1 files changed, 72 insertions, 18 deletions
diff --git a/net/ipv4/tcp_bbr.c b/net/ipv4/tcp_bbr.c
index 02ff2dd..9277abd 100644
--- a/net/ipv4/tcp_bbr.c
+++ b/net/ipv4/tcp_bbr.c
@@ -128,6 +128,9 @@ static const u32 bbr_probe_rtt_mode_ms = 200;
 /* Skip TSO below the following bandwidth (bits/sec): */
 static const int bbr_min_tso_rate = 1200000;
 
+/* Pace at ~1% below estimated bw, on average, to reduce queue at bottleneck. */
+static const int bbr_pacing_margin_percent = 1;
+
 /* We use a high_gain value of 2/ln(2) because it's the smallest pacing gain
  * that will allow a smoothly increasing pacing rate that will double each RTT
  * and send the same number of packets per RTT that an un-paced, slow-starting
@@ -208,17 +211,15 @@ static u64 bbr_rate_bytes_per_sec(struct sock *sk, u64 rate, int gain)
 {
 	unsigned int mss = tcp_sk(sk)->mss_cache;
 
-	if (!tcp_needs_internal_pacing(sk))
-		mss = tcp_mss_to_mtu(sk, mss);
 	rate *= mss;
 	rate *= gain;
 	rate >>= BBR_SCALE;
-	rate *= USEC_PER_SEC;
+	rate *= USEC_PER_SEC / 100 * (100 - bbr_pacing_margin_percent);
 	return rate >> BW_SCALE;
 }
 
 /* Convert a BBR bw and gain factor to a pacing rate in bytes per second. */
-static u32 bbr_bw_to_pacing_rate(struct sock *sk, u32 bw, int gain)

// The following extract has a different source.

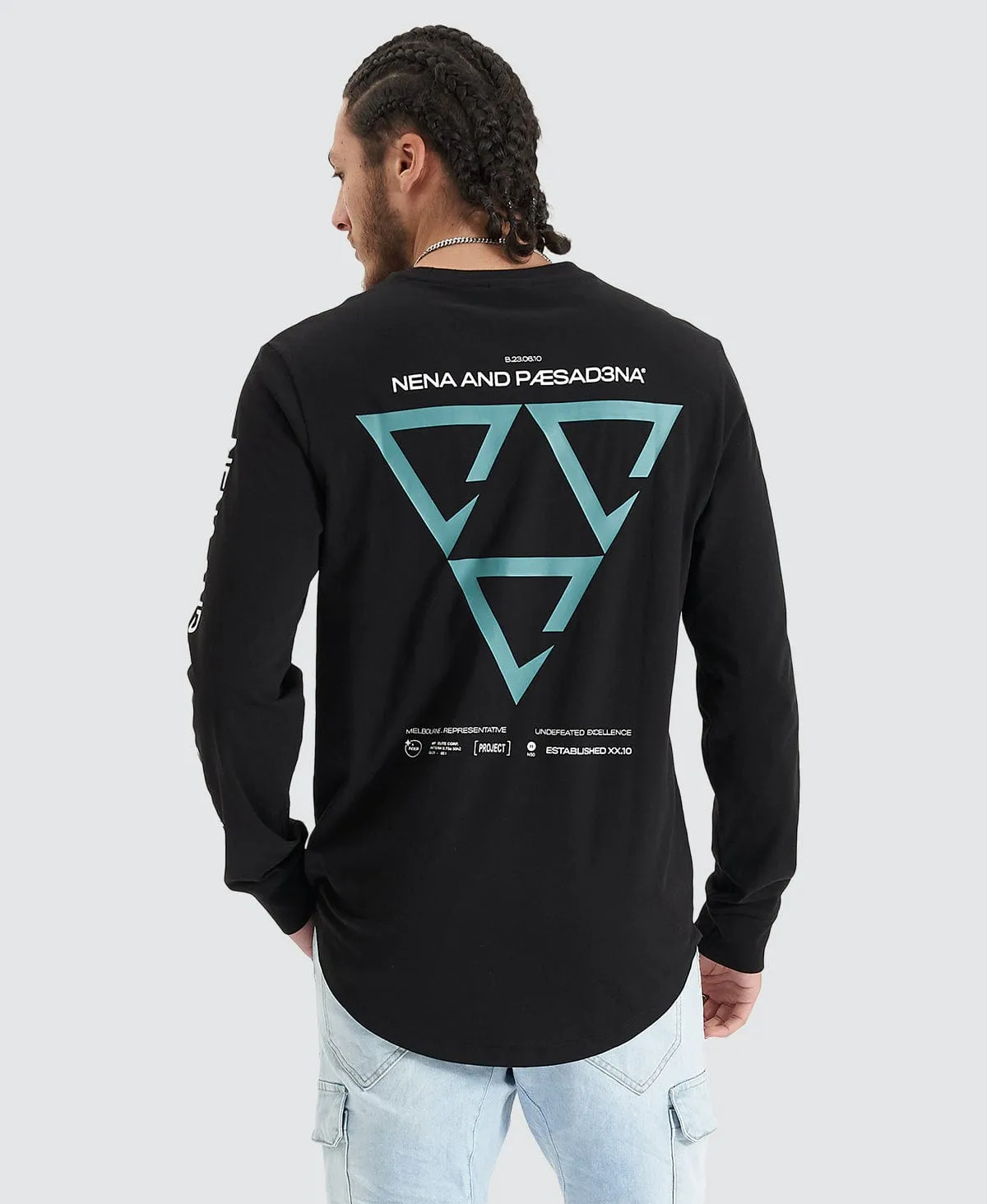 Squared Heavy Cape Back LS Tee Jet Black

+static unsigned long bbr_bw_to_pacing_rate(struct sock *sk, u32 bw, int gain)
 {
 	u64 rate = bw;
 
@@ -257,7 +258,7 @@ static void bbr_set_pacing_rate(struct sock *sk, u32 bw, int gain)
 {
 	struct tcp_sock *tp = tcp_sk(sk);
 	struct bbr *bbr = inet_csk_ca(sk);
-	u32 rate = bbr_bw_to_pacing_rate(sk, bw, gain);
+	unsigned long rate = bbr_bw_to_pacing_rate(sk, bw, gain);
 
 	if (unlikely(!bbr->has_seen_rtt && tp->srtt_us))

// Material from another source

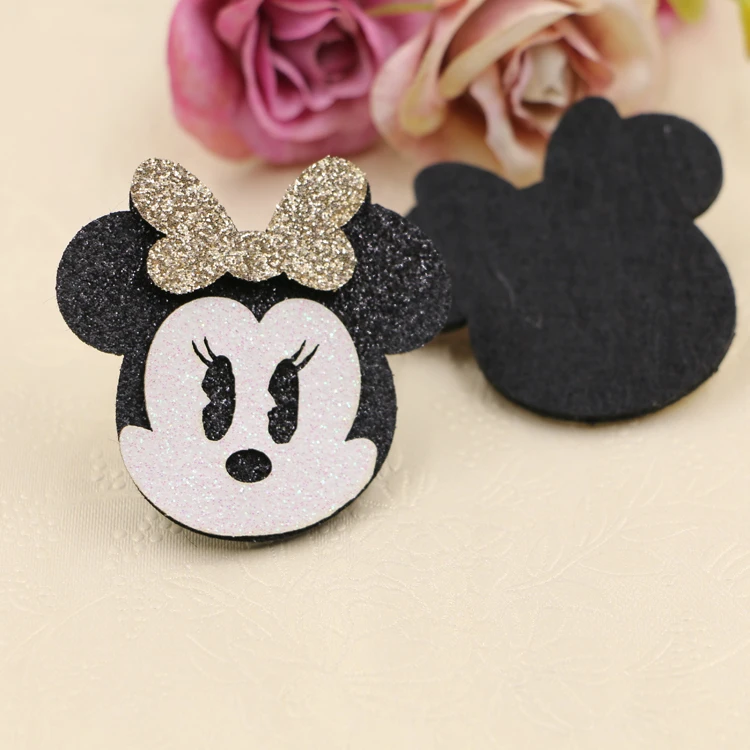 50 pcs/lot Glitter Cartoon Animal Hair accessories shoe garment decoration |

 		bbr_init_pacing_rate_from_rtt(sk);
@@ -279,7 +280,7 @@ static u32 bbr_tso_segs_goal(struct sock *sk)
 	/* Sort of tcp_tso_autosize() but ignoring
 	 * driver provided sk_gso_max_size.
 	 */
-	bytes = min_t(u32, sk->sk_pacing_rate >> sk->sk_pacing_shift,
+	bytes = min_t(unsigned long, sk->sk_pacing_rate >> sk->sk_pacing_shift,
 		      GSO_MAX_SIZE - 1 - MAX_TCP_HEADER);
 	segs = max_t(u32, bytes / tp->mss_cache, bbr_min_tso_segs(sk));
 
@@ -368,6 +369,39 @@ static u32 bbr_target_cwnd(struct sock *sk, u32 bw, int gain)
 	return cwnd;
 }
 
+/* With pacing at lower layers, there's often less data "in the network" than
+ * "in flight". With TSQ and departure time pacing at lower layers (e.g. fq),
+ * we often have several skbs queued in the pacing layer with a pre-scheduled
+ * earliest departure time (EDT). BBR adapts its pacing rate based on the
+ * inflight level that it estimates has already been "baked in" by previous
+ * departure time decisions. We calculate a rough estimate of the number of our
+ * packets that might be in the network at the earliest departure time for the
+ * next skb scheduled:
+ *   in_network_at_edt = inflight_at_edt - (EDT - now) * bw
+ * If we're increasing inflight, then we want to know if the transmit of the
+ * EDT skb will push inflight above the target, so inflight_at_edt includes
+ * bbr_tso_segs_goal() from the skb departing at EDT. If decreasing inflight,
+ * then estimate if inflight will sink too low just before the EDT transmit.
+ */
+static u32 bbr_packets_in_net_at_edt(struct sock *sk, u32 inflight_now)
+{
+	struct tcp_sock *tp = tcp_sk(sk);
+	struct bbr *bbr = inet_csk_ca(sk);
+	u64 now_ns, edt_ns, interval_us;
+	u32 interval_delivered, inflight_at_edt;
+
+	now_ns = tp->tcp_clock_cache;
+	edt_ns = max(tp->tcp_wstamp_ns, now_ns);
+	interval_us = div_u64(edt_ns - now_ns, NSEC_PER_USEC);
+	interval_delivered = (u64)bbr_bw(sk) * interval_us >> BW_SCALE;
+	inflight_at_edt = inflight_now;
+	if (bbr->pacing_gain > BBR_UNIT)              /* increasing inflight */
+		inflight_at_edt += bbr_tso_segs_goal(sk);  /* include EDT skb */
+	if (interval_delivered >= inflight_at_edt)
+		return 0;
+	return inflight_at_edt - interval_delivered;
+}
+
 /* An optimization in BBR to reduce losses: On the first round of recovery, we
  * follow the packet conservation principle: send P packets per P packets acked.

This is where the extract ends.